Excerpted records

'''

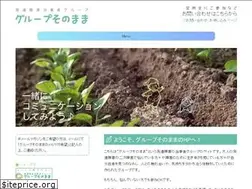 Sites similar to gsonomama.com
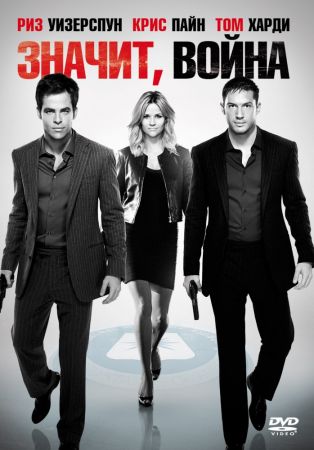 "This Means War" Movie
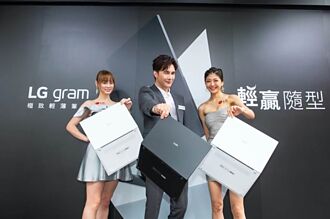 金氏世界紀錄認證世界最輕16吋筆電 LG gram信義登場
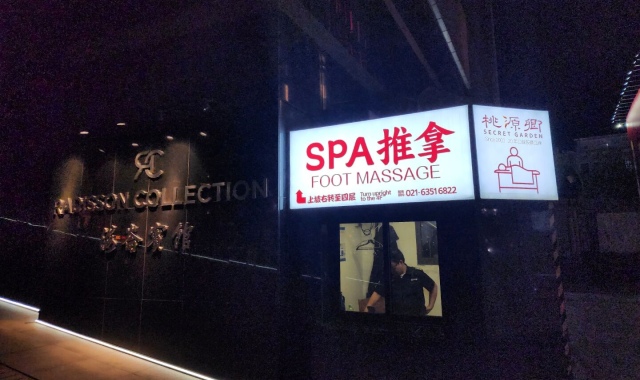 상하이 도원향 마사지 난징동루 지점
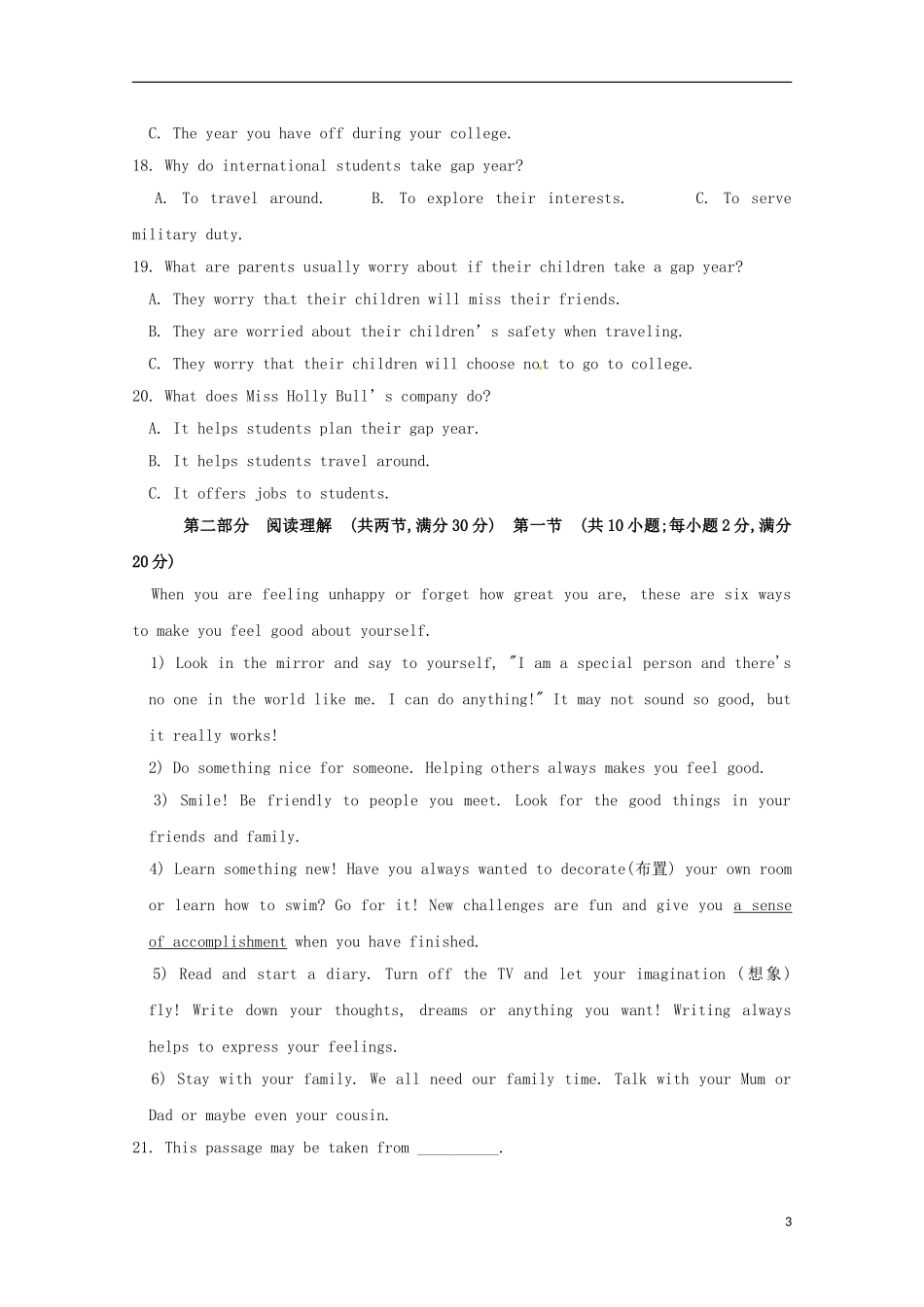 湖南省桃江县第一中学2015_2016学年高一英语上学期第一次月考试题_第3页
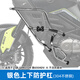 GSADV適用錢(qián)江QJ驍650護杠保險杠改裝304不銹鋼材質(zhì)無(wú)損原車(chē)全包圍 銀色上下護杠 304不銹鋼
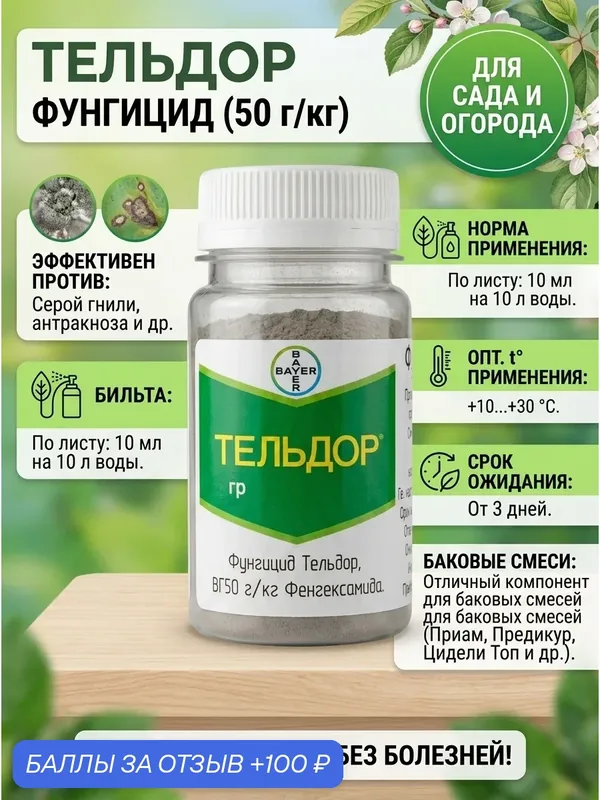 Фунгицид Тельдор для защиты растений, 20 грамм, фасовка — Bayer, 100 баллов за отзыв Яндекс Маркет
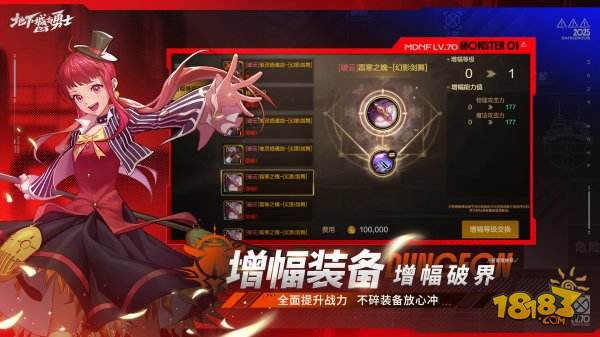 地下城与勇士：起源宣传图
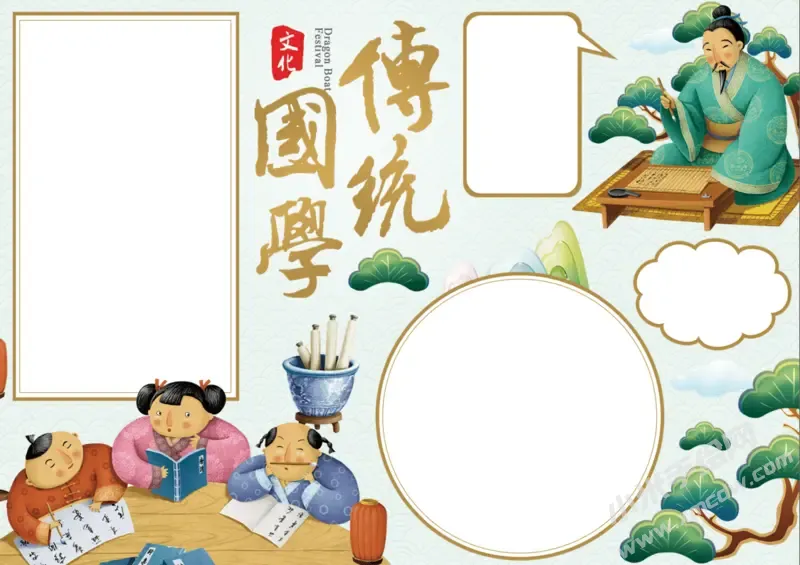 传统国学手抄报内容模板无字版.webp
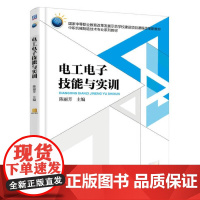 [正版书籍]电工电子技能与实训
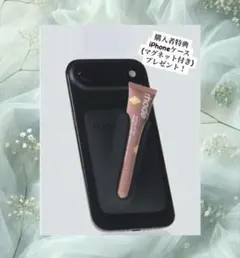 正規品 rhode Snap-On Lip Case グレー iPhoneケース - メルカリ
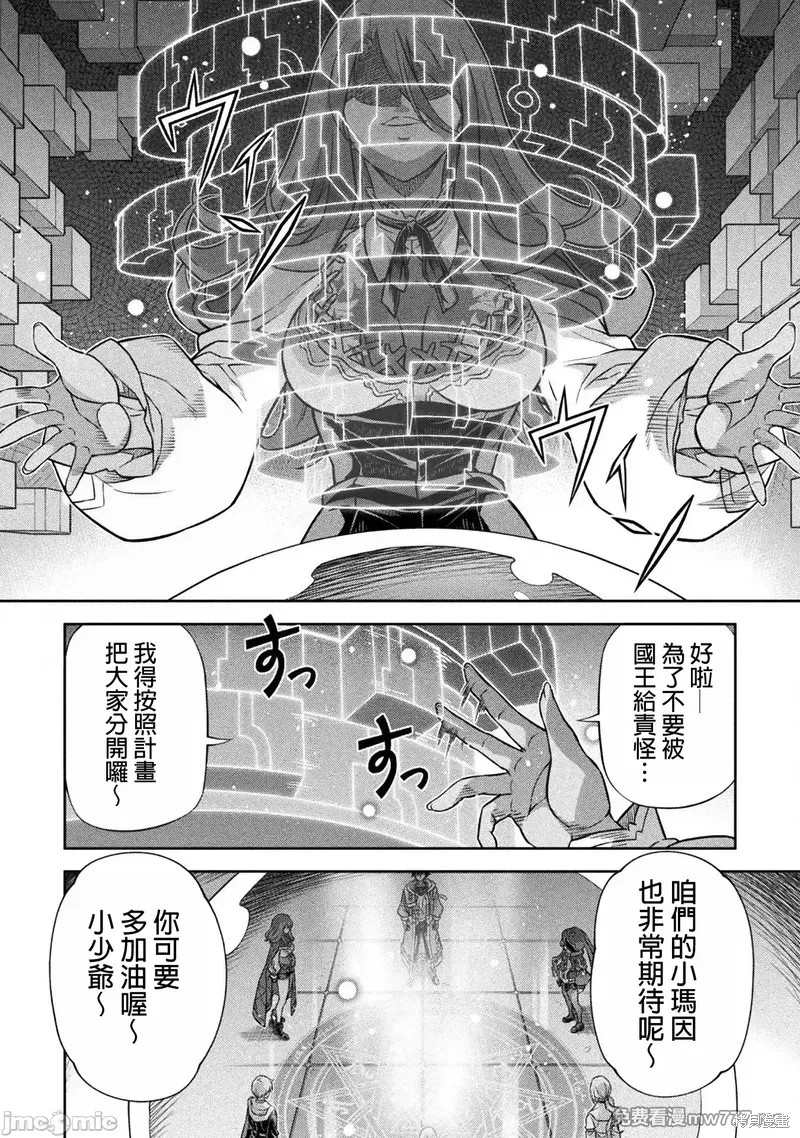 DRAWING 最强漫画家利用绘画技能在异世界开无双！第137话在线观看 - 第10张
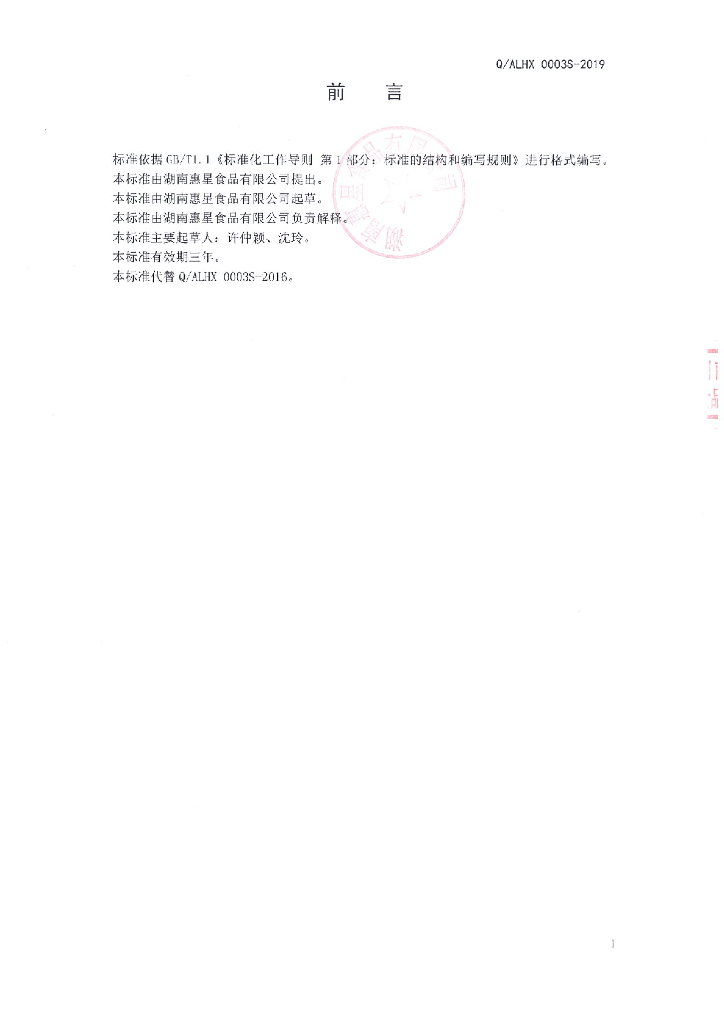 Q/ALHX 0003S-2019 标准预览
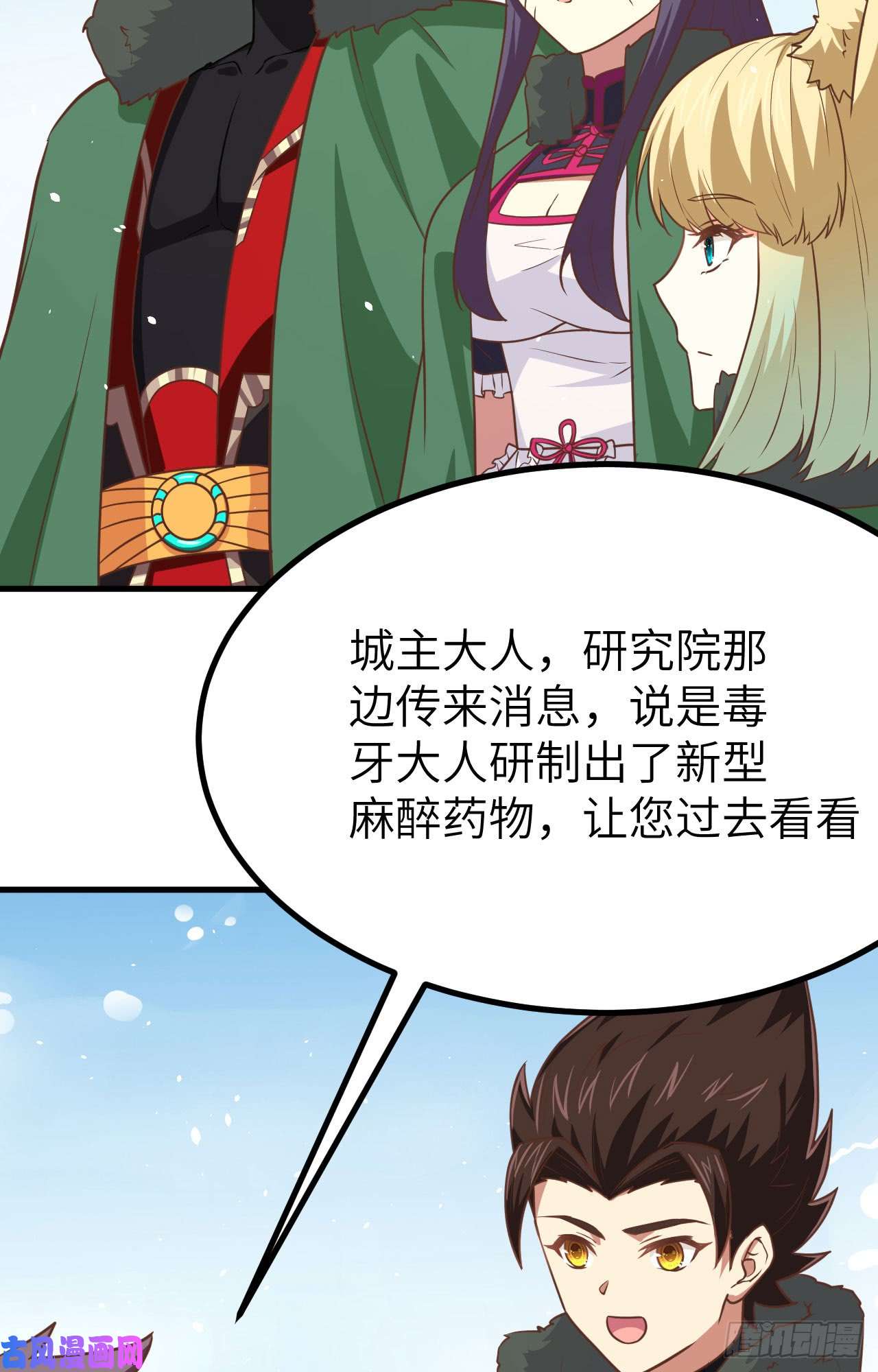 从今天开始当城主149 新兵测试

'''

Work item
Print the material in full and exactly; the pictures must not be printed.

Task solution
 Sites similar to gsonomama.com
 "This Means War" Movie
 金氏世界紀錄認證世界最輕16吋筆電 LG gram信義登場
 상하이 도원향 마사지 난징동루 지점
 湖南省桃江县第一中学2015_2016学年高一英语上学期第一次月考试题_第3页
 GSADV適用錢(qián)江QJ驍650護杠保險杠改裝304不銹鋼材質(zhì)無(wú)損原車(chē)全包圍 銀色上下護杠 304不銹鋼
 Фунгицид Тельдор для защиты растений, 20 грамм, фасовка — Bayer, 100 баллов за отзыв Яндекс Маркет
 地下城与勇士：起源宣传图
 传统国学手抄报内容模板无字版.webp
 [正版书籍]电工电子技能与实训
 正規品 rhode Snap-On Lip Case グレー iPhoneケース - メルカリ
 DRAWING 最强漫画家利用绘画技能在异世界开无双！第137话在线观看 - 第10张
 Q/ALHX 0003S-2019 标准预览
 从今天开始当城主149 新兵测试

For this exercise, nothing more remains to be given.